‘I remember the fun we made for ourselves growing up’

Nov 04, 2018
Remember all the fun things you used to do as a child? Source: Pixabay

Around 1961, our parents bought a brand-new house in a ‘burgeoning new suburb’. My one-year older brother, Clive, and I grew up in Niddrie (Melbourne, Victoria) where the first three houses clustered together on a ‘miles-long’ dirt road of paddocks and gum trees. Then aged seven and eight, this equated to… boring!

We walked everywhere; the nearest tram stop a distant hike. There was never much in the way of shop-bought toys, though we did have my grandmother’s ‘flotsam and jetsam’ from her haberdashery shop! Heaps of huge wool boxes and big cardboard rolls were turned into cubby-houses, both in the ceiling of the garage during winter, and outside in summer. Great fun!

On weekends we roamed the paddocks with a knife and string to make bows and arrows from gum tree saplings and fired nail-studded arrows into home-made targets. Or playing Cowdies and Indians, and yes, being one year younger, I was always the Indian!

We loved making brown-paper and string kites. Dad would fire up the donkey engine and grab a pot of glue (from the knackery, and boy, didn’t it stink), and with a chunky brush, would glue our stripling frame and paper together adding a long string tail with rags flapping every 12 inches or so. Watching them soar into the sky was so satisfying!

In winter, when the dirt roads were a quagmire and the paddocks sodden, we used to make what I think they call these days, a Knitting Nancy. However, in the ’60s it was a chunky cotton reel with four slender nails hammered in the top. With one sharpened nail, you could loop and weave the wool around the nails until a snake-like woven cylinder would start inching out of the bottom of the cotton reel. We’d both be at it endlessly, until our ‘rope’ was easily 50-foot long (15m). Once it was ‘cast off’, what did we do with it?

As my bedroom was at the end of the house and Clive’s up near the front door, we’d tie the two ends together so it made a circle, looping it down the hall, door handle to door handle. We’d sit in our respective bedrooms writing notes to each other. I can’t recall what about, probably spies, or codes or something secret. We’d pull the rope and the note would slowly dance its way up the long hallway. It kept us amused for hours.

Another amusement, albeit an ergonomic one for Mum, was floor polishing. Our new house didn’t have the luxurious new Axminster – we had polished wooden floors, so Mum would spread wax, tie old jumpers on our feet, and off we’d go, skating all over the house! Such fun, and Mum got the floor polished.

We loved our high jumps and tennis. Dad helped to rig up two 6-foot (1.8m) poles, whacked a series of nails in each, grabbed a bit of dowel, an old mattress, and bingo, one high jump set for the back yard.

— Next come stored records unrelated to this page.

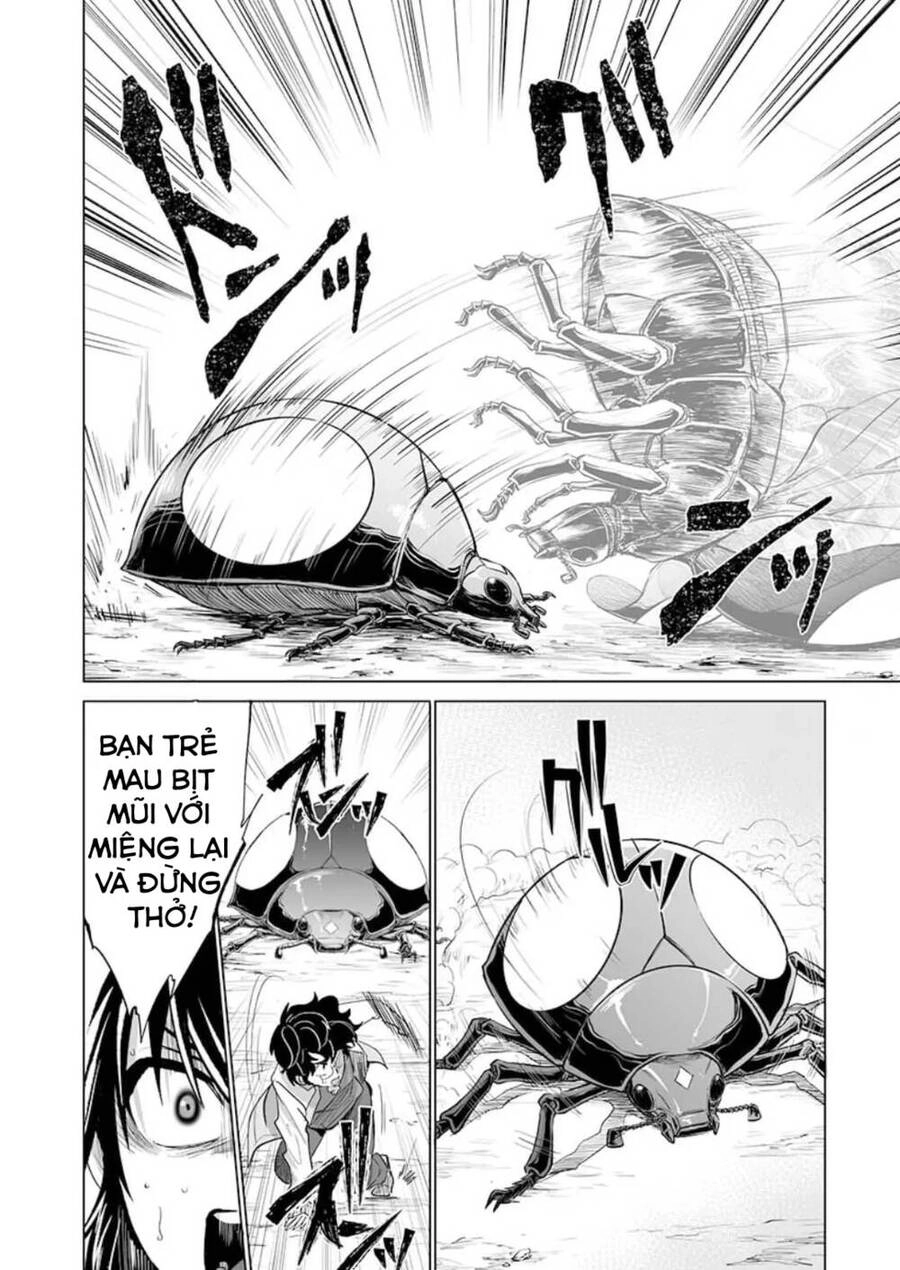 Dãy Núi Côn Trùng Chapter 21 - 22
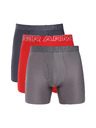 Under Armour Pánske boxerky Under Armour Ua Performance Tech - Solid 6in - 3pk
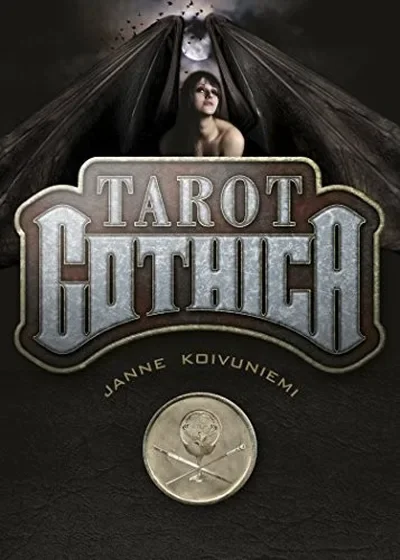Tarot Gothica: (Tarot Kit Box Set with 78 Cards and Guide Book) — dewey-133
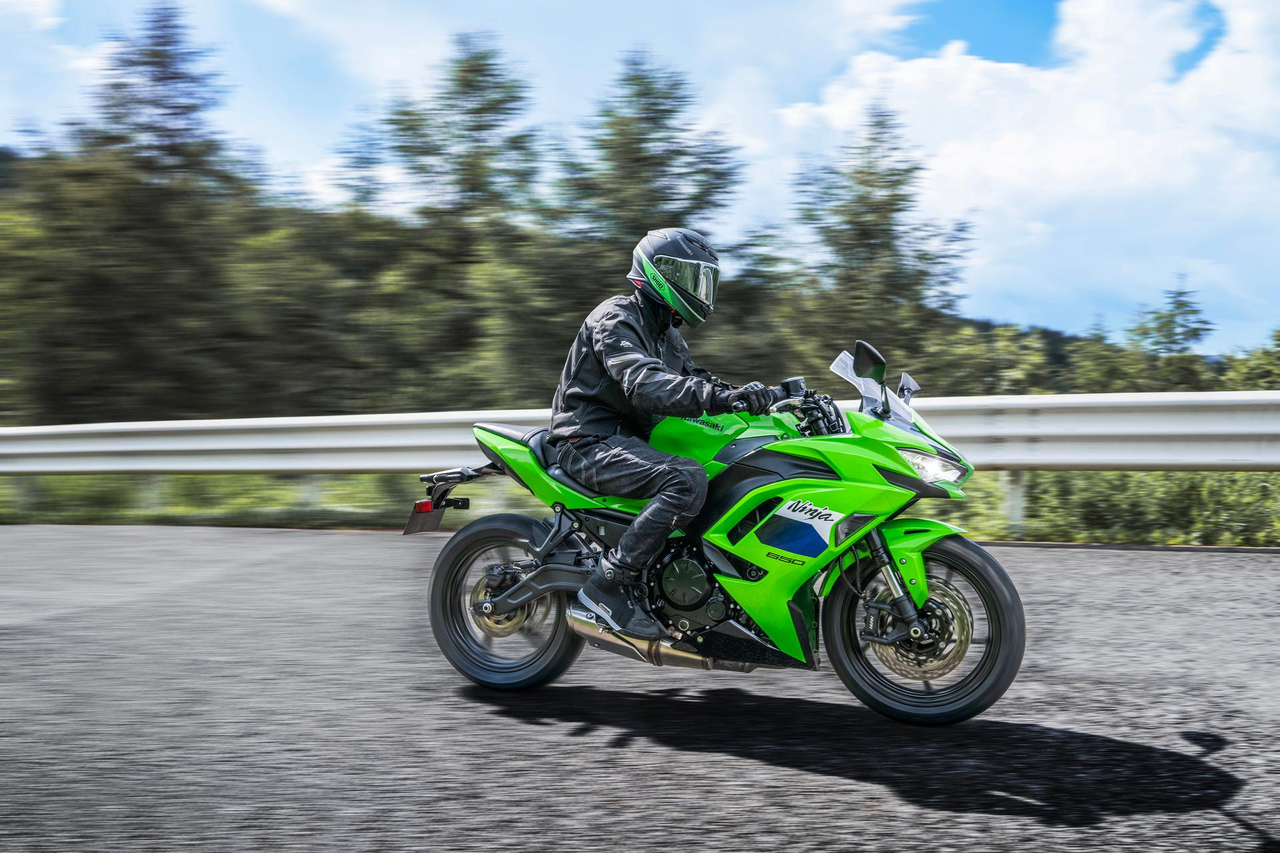 2027 Kawasaki Ninja 650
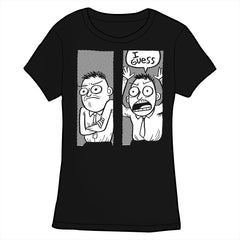 I GUESS Shirt Shirts KC Green Fitted/Ladies Small Black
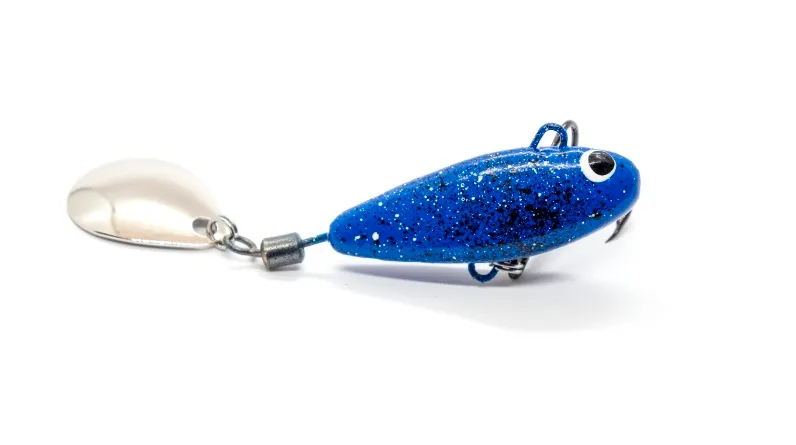 Masalas tail spinner „Hurricane” – Blue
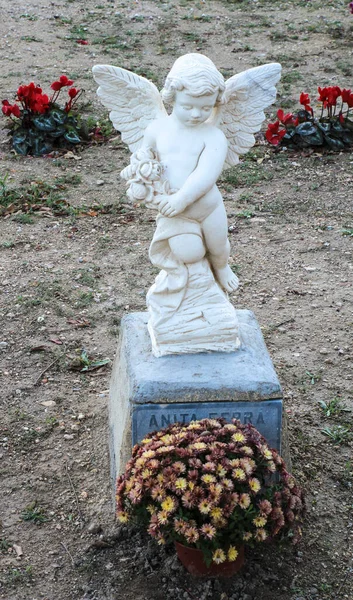 Guadalest Alicante Spain November 2021 Beautiful Old Cemetery Guadalest Castle — Stock Photo, Image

Tennis was played on a chalk-drawn court on the concrete in front of the garage. The net was a length of rope tied to the paling fence on one side and the garden seat opposite.

Then there were billy carts – our favourite was the silver-painted ‘Rocket’ with pram wheels! We also had a homemade skateboard, which was terrific! It’s amazing we didn’t get killed as we towed each other up and down hills with one riding a bike, the other basically ‘water skiing’ behind.

Our Doutta Galla uniforms and Fluffy the cat found dumped in the paddocks. Source: Debra Trayler

At our primary school – Doutta Galla – I played netball, Clive football. Jumping over elastic looped around people’s legs became a craze, as did ‘Jacks’, though ours were a bit embarrassing as we did not have the coloured plastic ones from the shop, but the actual knucklebones dried out from cooking lamb shanks. We played Pick-up Sticks, gutter ball and lots of card games.

We kids thrived in the Christmas holiday heat, whereas Mum got fractious, booting us out the door saying don’t come home till it gets dark. We’d cadge lemonade bottles from wherever we could to get the refund from the local milk bar to gain our entrance fee to the Essendon City Baths. No sun cream then. Coated in coconut oil, we’d lie on our towels and baste like sausages under a griller. Or we’d head off to the Niddrie quarry to ‘muck around’ – throwing ‘yonnies’, locating caves, looking for snakes and lizards, basically wandering around by ourselves in the middle of nowhere, with no way of contacting anyone should anything have gone wrong.

It totally freaks me out to think what we used to get up to back then, but I also feel quite special as that era will never been seen again and we were lucky enough to have lived through it!

What adventures did you get up to as a child? Are you amazed at how different things were then compared to now?